Pictures excluded, copy all of the data below exactly.

DATA:
:::

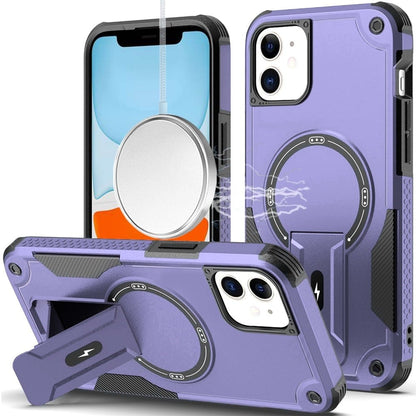 Phone Case for Apple iPhone 12 /12 Pro Magnetic Kickstand Rugged Shockproof Armor Grip Anti Slip Heavy Duty Protective Matte Stand Hybrid Cover Purple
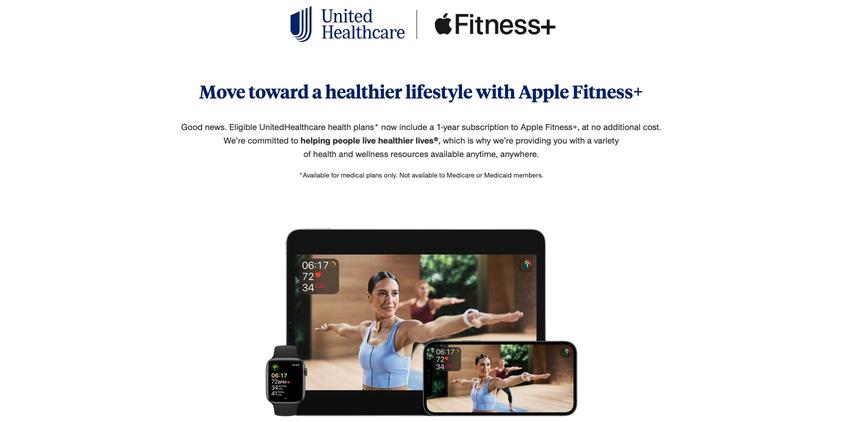 UnitedHealthcare teams up with Apple to offer members a free year of Fitness+ Guides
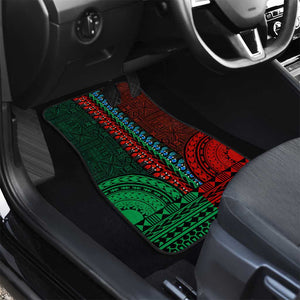 Green-red Dashiki and Tapa Pattern Car Mats Africa-Polynesia Together Culture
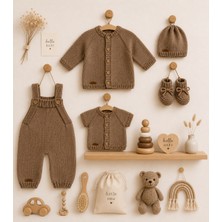 Handmade El Örgüsü 5’li Bebek Seti Kahverengi Hırka Tulum Şapka Patik Yelek Takımı 6-12 Ay
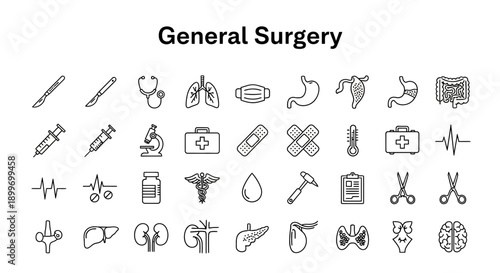 General Surgery Icon Set – Medical Illustration Vector Graphics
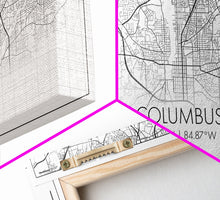 Cargar imagen en el visor de la galería, Columbus Street Map, Georgia Map, Map Print, Modern Art, Wall Art, Canvas Art, Couple Wall Décor, Bedroom Décor Man, Appreciation Gift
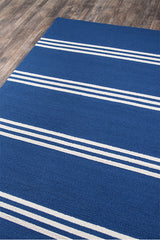 Veranda VR-16 Handmade Blue Striped Outdoor/Indoor Polypropylene Rug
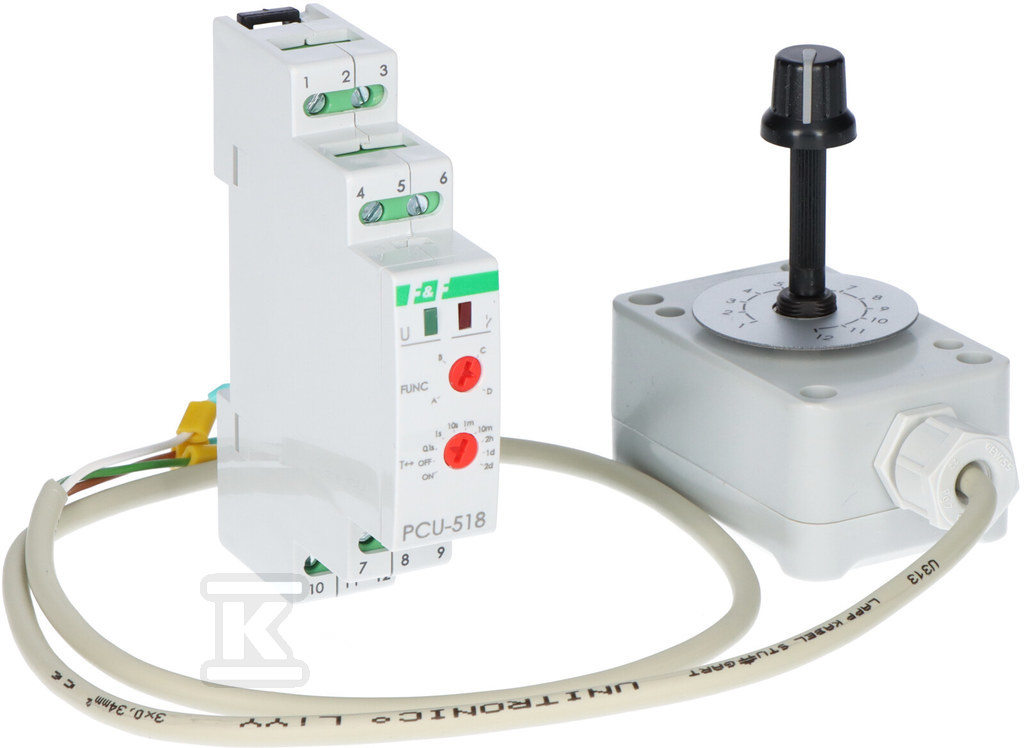 Przekaźnik czasowy PCU-518 z zewnętrznym potencjometrem nastawy czasu PCU-518DUO - obrazek 1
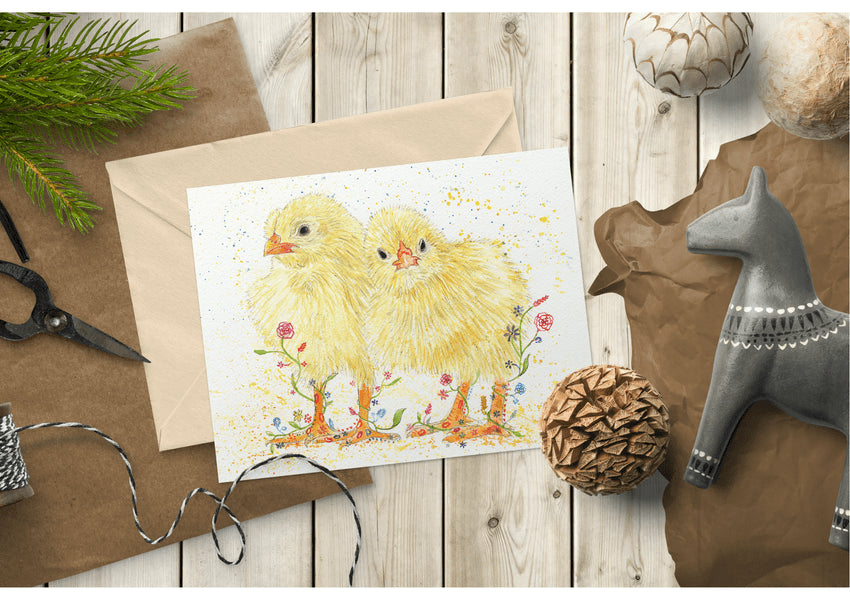 Connie  and Clyde the Chicks Blank Greetings Eco Card by Jen Winnett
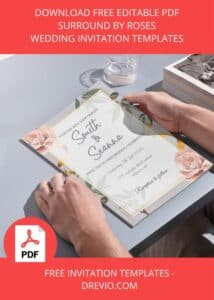 FREE Editable PDF - Surround By Roses Wedding Invitation Templates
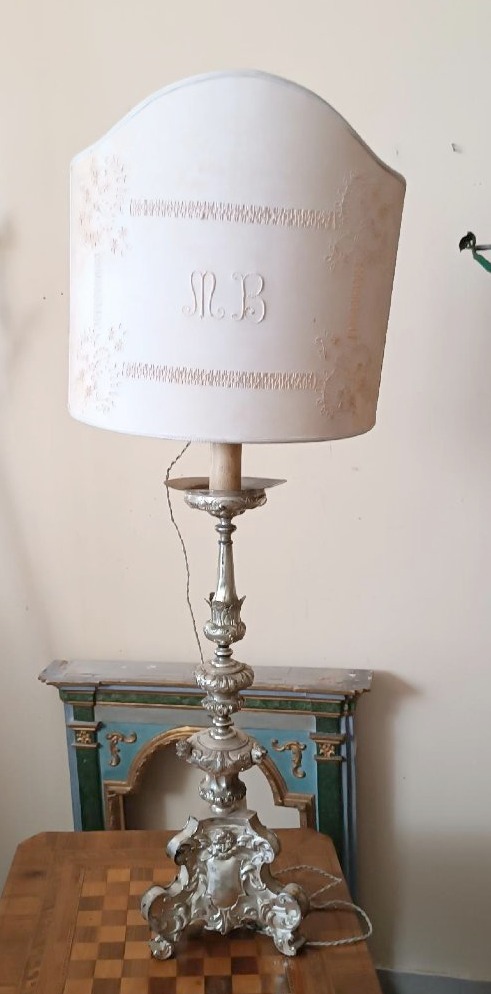 Antique Silver-plated Metal Candlestick, Lamp 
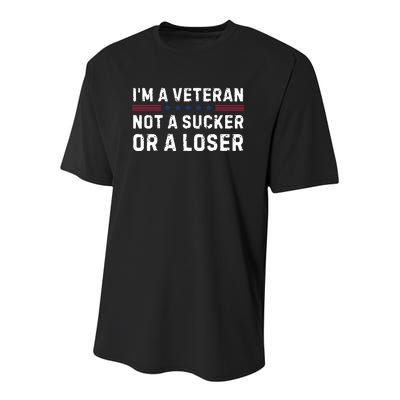 IM Veteran Not A Sucker Or A Loser Youth Performance Sprint T-Shirt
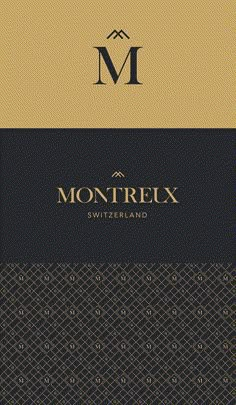 the logo for montreux switzerland is shown in gold and black, with an intricate pattern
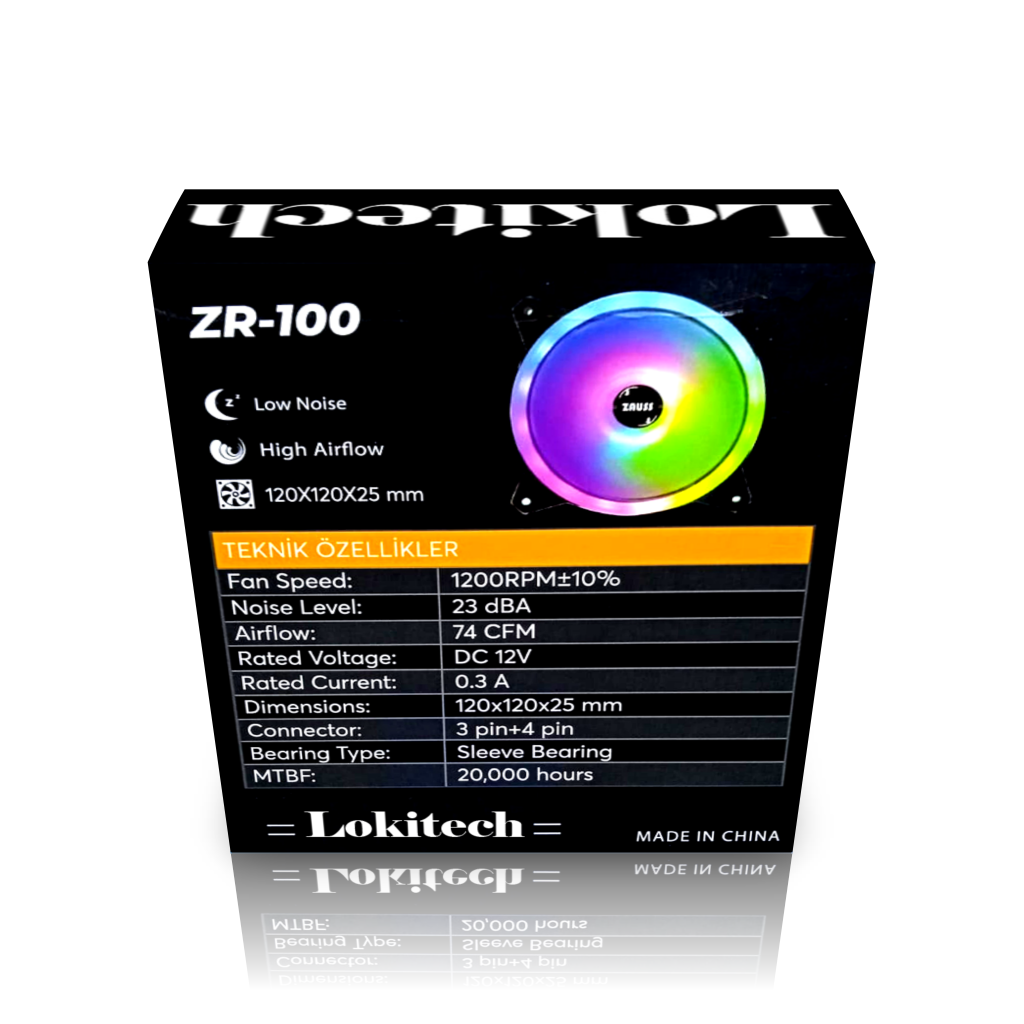 Lokitech Zauss ZR-100 Kasa Fanı 12 CM Rainbow Işıklı Fan 120x120 mm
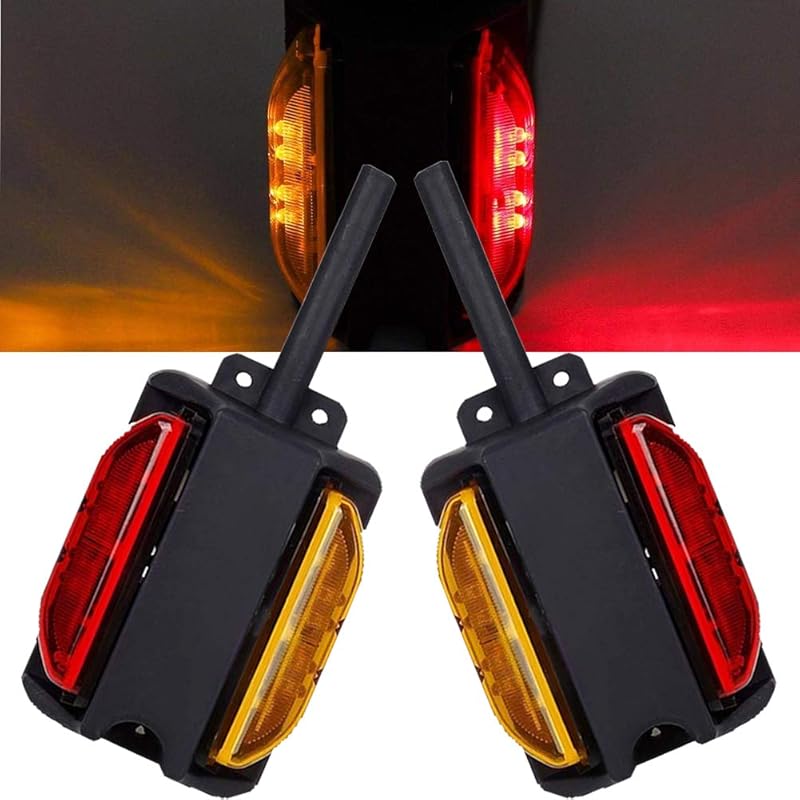 NEW SUN LED Fender Lights Kit, Pre-Wired Dual Face With Pedestal, Super Bright Amber & Red, RH&LH, Take As Turn Signal Side Clearance Mark Lights For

:::

EXPECTED ANSWER:
 Phone Case for Apple iPhone 12 /12 Pro Magnetic Kickstand Rugged Shockproof Armor Grip Anti Slip Heavy Duty Protective Matte Stand Hybrid Cover Purple
 UnitedHealthcare teams up with Apple to offer members a free year of Fitness+ Guides
 Green-red Dashiki and Tapa Pattern Car Mats Africa-Polynesia Together Culture
 Handmade El Örgüsü 5’li Bebek Seti Kahverengi Hırka Tulum Şapka Patik Yelek Takımı 6-12 Ay
 General Surgery Icon Set – Medical Illustration Vector Graphics
 Cargar imagen en el visor de la galería, Columbus Street Map, Georgia Map, Map Print, Modern Art, Wall Art, Canvas Art, Couple Wall Décor, Bedroom Décor Man, Appreciation Gift
 Veranda VR-16 Handmade Blue Striped Outdoor/Indoor Polypropylene Rug
 Przekaźnik czasowy PCU-518 z zewnętrznym potencjometrem nastawy czasu PCU-518DUO - obrazek 1
 Connie  and Clyde the Chicks Blank Greetings Eco Card by Jen Winnett
 FREE Editable PDF - Surround By Roses Wedding Invitation Templates
 Antique Silver-plated Metal Candlestick, Lamp 
 IM Veteran Not A Sucker Or A Loser Youth Performance Sprint T-Shirt
 the logo for montreux switzerland is shown in gold and black, with an intricate pattern
 Lokitech Zauss ZR-100 Kasa Fanı 12 CM Rainbow Işıklı Fan 120x120 mm
 NEW SUN LED Fender Lights Kit, Pre-Wired Dual Face With Pedestal, Super Bright Amber & Red, RH&LH, Take As Turn Signal Side Clearance Mark Lights For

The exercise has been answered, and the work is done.